**RAW DATA**.
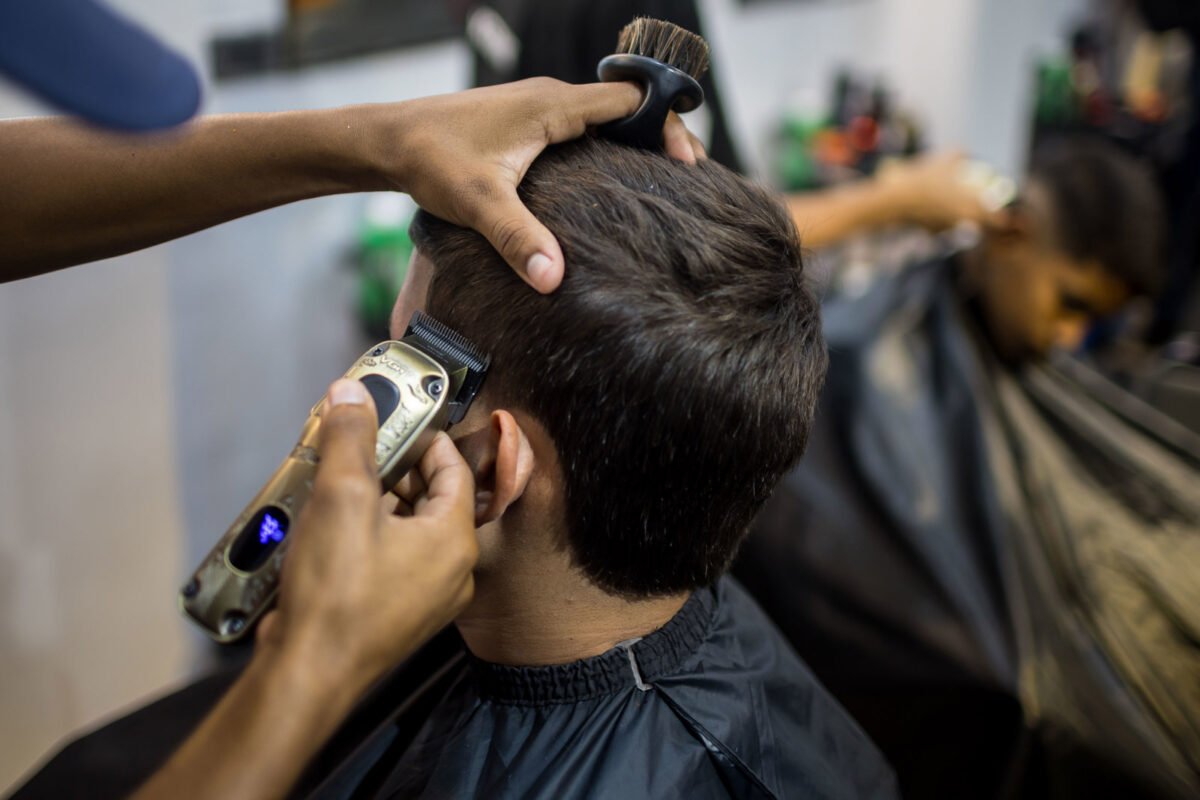 Jóvenes venezolanos transforman su futuro desde una barbería en Caracas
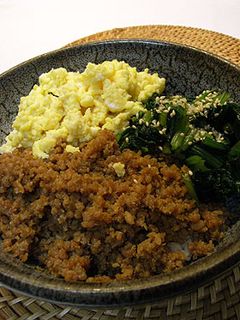 簡単♡ 基本の鶏そぼろどんぶり-レシピのメイン写真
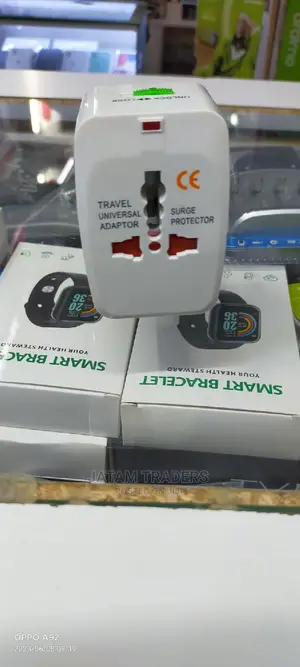 Universal Traveling Adapter
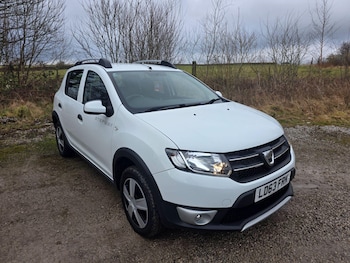Used Dacia Sandero Stepway 2013 for sale - 77386803: Photo
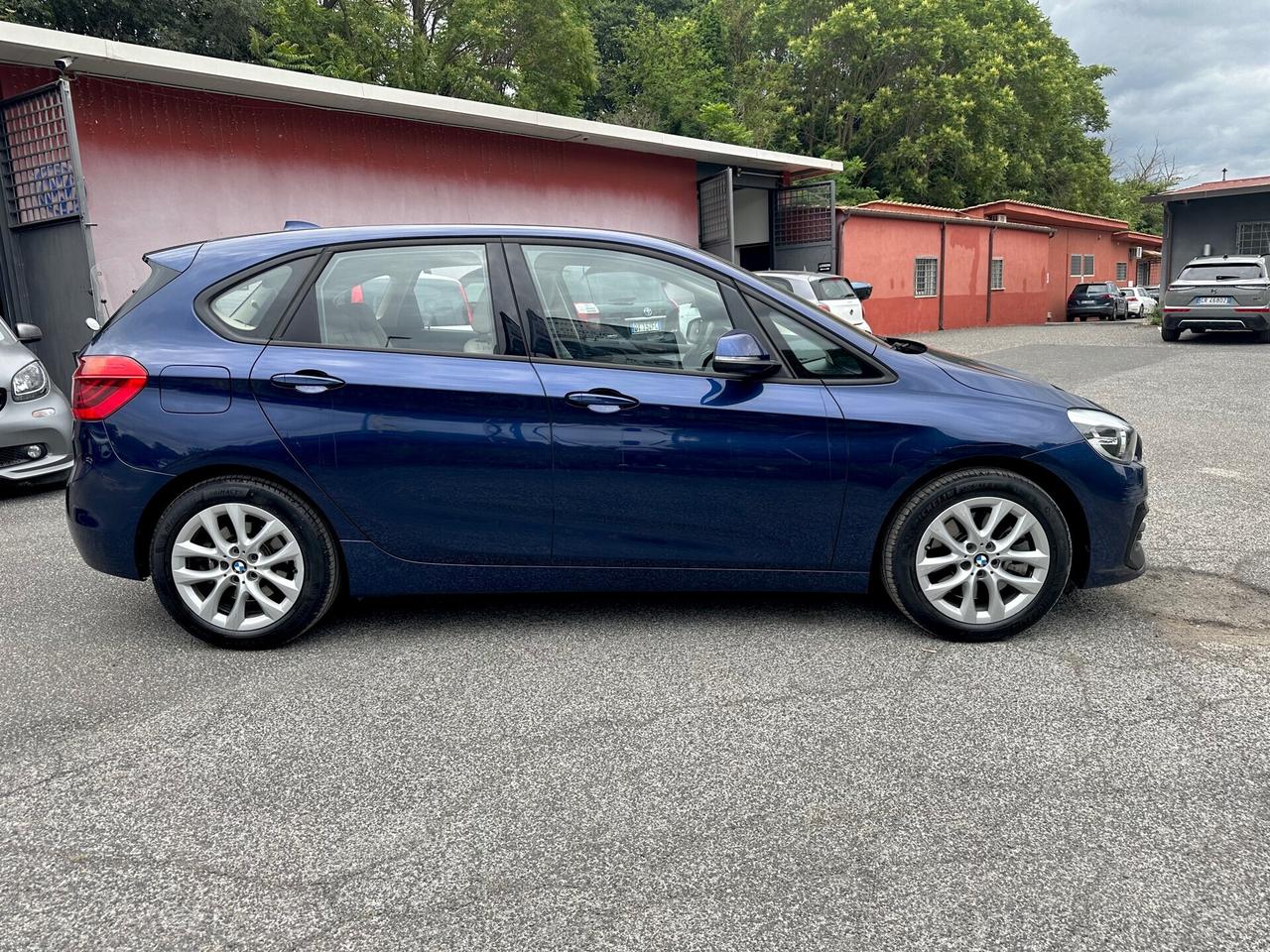 Bmw 225 BMW 225 XE I - PERFORMANCE 4x4 Hyper blue sand beige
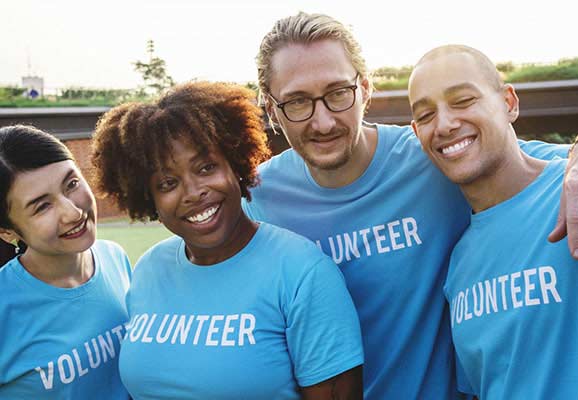 A group of volunteers (Photo Credit: rawpixel.com)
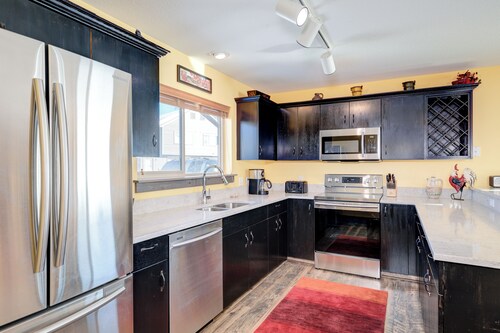 Family condo w/private hot tub & fireplace - Fire Mountain Chalet Big Sky Town Center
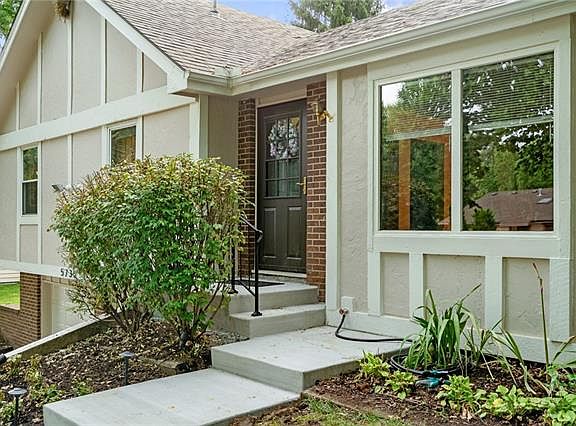5th image of 5735 Meadow Heights Dr
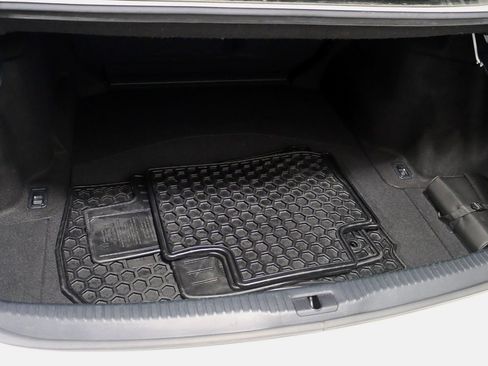 Used 2016 Lexus IS 300 AWD image 33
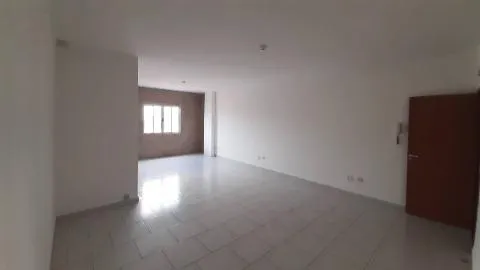 Imagem LOCAÇÃO DE SALAS COMERCIAIS NO GOPOÚVA, EM GUARULHOS/SP, 46m² com salão amplo, muita luz natural, 02 toaletes e unidades disponíveis. CONSULTE-NOS.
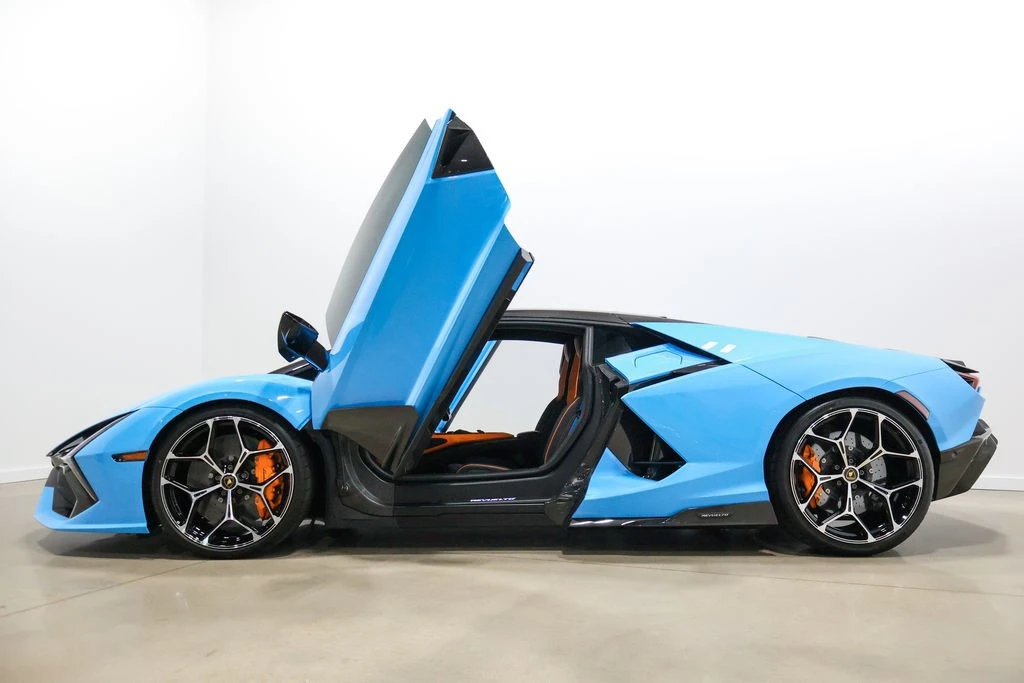 2025 Lamborghini Revuelto - Image 8 of 24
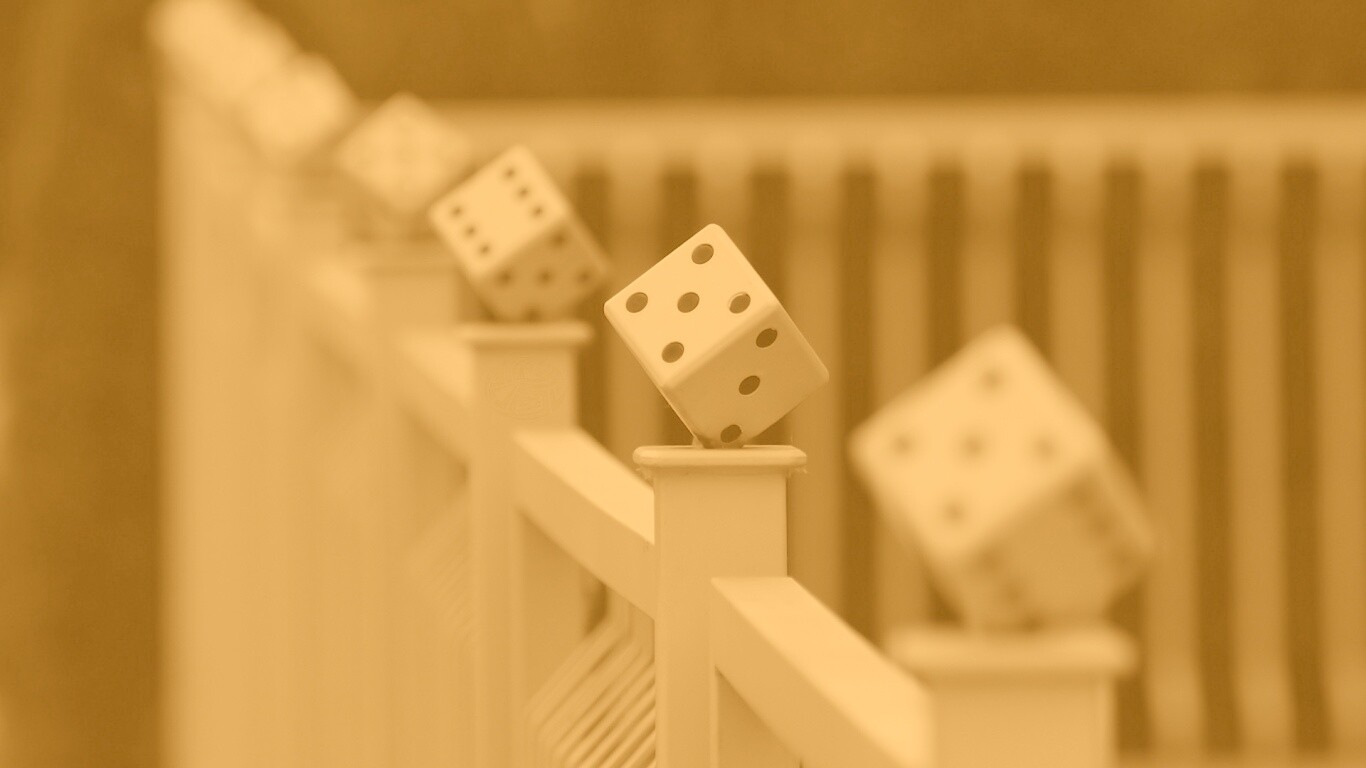 Игральные кости украшающие перила обои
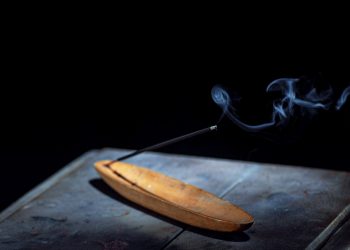 Hukum Membakar Kemenyan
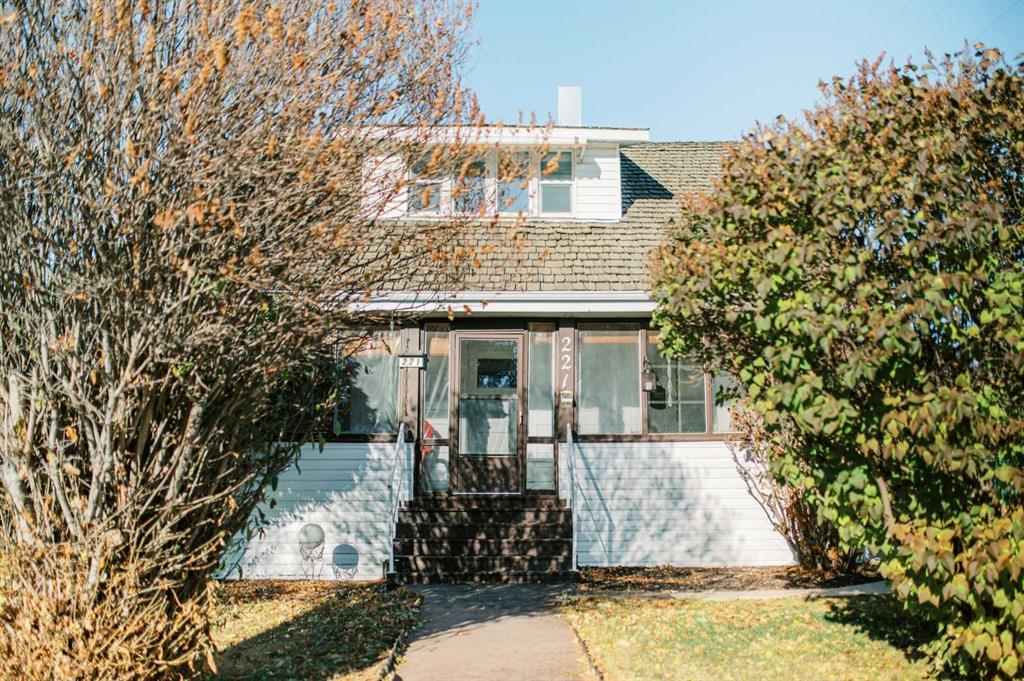 Picture for 221 4th Avenue S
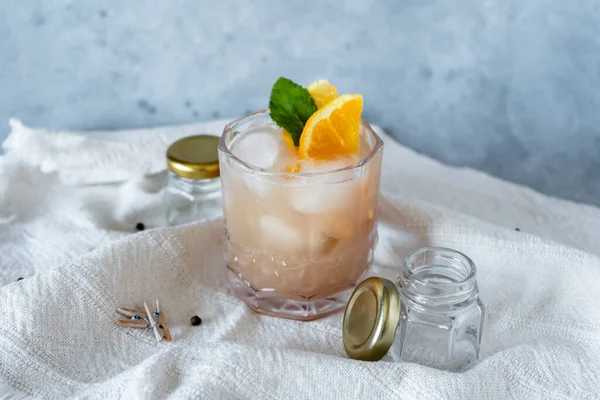 Cocktail Gelado Com Fatias Laranja Fresca Hortelã — Fotografia de Stock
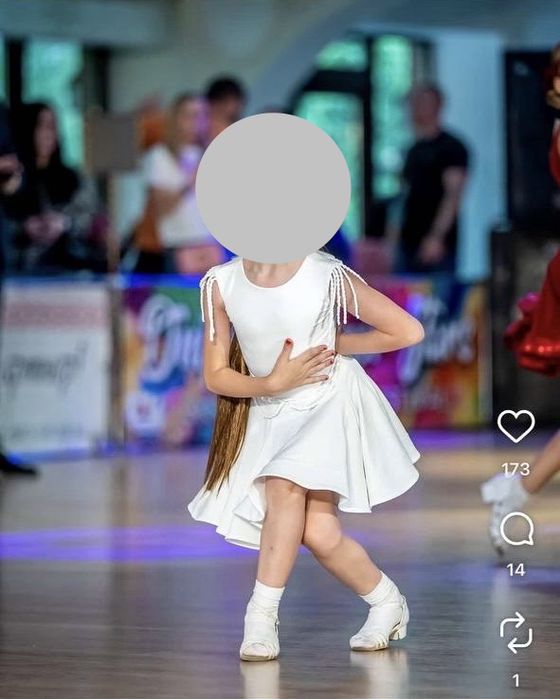 Сукня для бальноспортивних танців на зріст 140см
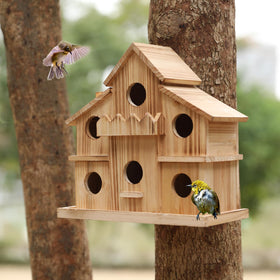LEOSYY outdoor bird house makes a thoughtful wildlife gift for nature lovers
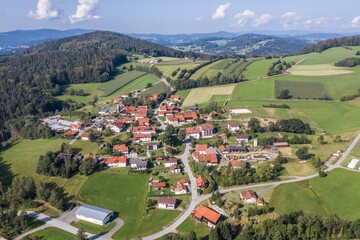 Fototapeta na wymiar Bild einer Luftaufnahme mit einer Drohne des Dorf Grueb bei Grafenau im bayerischen Wald mit Bergen und Landschaft, Deutschland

**PROBLEM STATEMENT**.
Exactly as written, reproduce the lines from the one containing "Cocktail Gelado Com" through the last line of the entries above, and leave every picture out.

**RESPONSE AREA**.
 Cocktail Gelado Com Fatias Laranja Fresca Hortelã — Fotografia de Stock
 Сукня для бальноспортивних танців на зріст 140см
LEOSYY outdoor bird house makes a thoughtful wildlife gift for nature lovers
 Fototapeta na wymiar Bild einer Luftaufnahme mit einer Drohne des Dorf Grueb bei Grafenau im bayerischen Wald mit Bergen und Landschaft, Deutschland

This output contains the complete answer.